However much the infamous Google "sandbox" may be a figment of SEOs imagination, there were more and more documented cases of websites failing to appear meaningfully in the SERPs for long periods of time. This effectively neutralized the previously-successful technique of creating new websites specifically to build links. Again, web resources were forced more and more to prove their relevancy for a particular keyword before they would end up ranking well for that query.
Some of the search engine counter-measures listed in the table may not seem on the surface to be spam-fighting responses, but at some level they all help weed out less relevant content from SERPs. Improved discovery measures (sitemaps, crawling of Flash, employing OCR in crawling) improves relevance by broadening the resources and linkages available to the search engines for use in relevance calculations. Improved crawl frequency (Caffeine) improves a search engine's ability to match the relevance of a resource as measured against the freshness of a query. Improved canonicalization and provenance measures (rel="canonical", Google original- and syndication-source meta data) help the search engines judge the relevance of content by being better able to distinguish between inadvertent and deliberate content duplication.
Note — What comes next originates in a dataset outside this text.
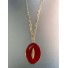 Collier Acier - Grosse pastille ovale centre losange fin sur chaine 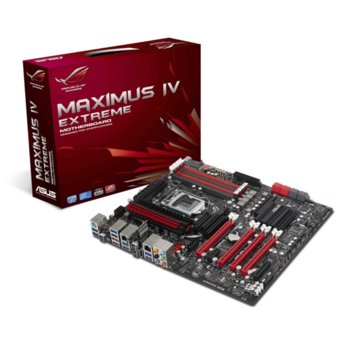 Дънна платка Asus Maximus IV Extreme, P67, LGA1155, DDR3, 4xPCI-E(SLi/CF), SB7.1, 2xLan1000, bluetooth, 4xSATA 6Gb/s, SATA RAID 0,1,5,10, 8xUSB3.0, Extended ATX | JAR Computers Asus Maximus IV Extreme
In many ways the first eras of search spam were about misrepresentation, and what I've labelled spam 2.0 may simply be a more sophisticated version of spam 1.0. Spammers, by and large, moved on from simply lying to the search engines to a providing a more nuanced, but still deceitful, representation of a web resource's topicality and authority. And while these more sophisticated tactics are still alive and well, their effectiveness is being increasingly blunted by what may be the most ingenious spam strategy of all if, indeed, it is even spam: give the search engines exactly what they want.
Spam 3.0: Feed the Bot
What is now being referred to as "spam" in search results is markedly different than the efforts to game the search engines previously described. These resources do not represent themselves as something they are not, and they are absolutely relevant to the query for which they appear: what they lack is "quality."
So-called "content farms" like About.com, Demand Media's eHow and Yahoo's Associated Content have become the infants terribles of the SERPs, with the quality of their content widely derided by those demanding "better" search results. They are not, however, the only type of sites to generating highly relevant content with an eye to achieving search engine visibility. Question and answer sites and services like Yahoo! Answers and (one-time-search-engine) Ask.com also target long-term queries, along with "expert" sites more directly monetizing successful search queries by charging users a fee for a professional's answer or ebook. Even a file sharing service ranked highly for "download beatles mp3s for free" can be said to be honestly providing content relevant to the user's query (as technically the MP3 is free, even though the file sharing service isn't).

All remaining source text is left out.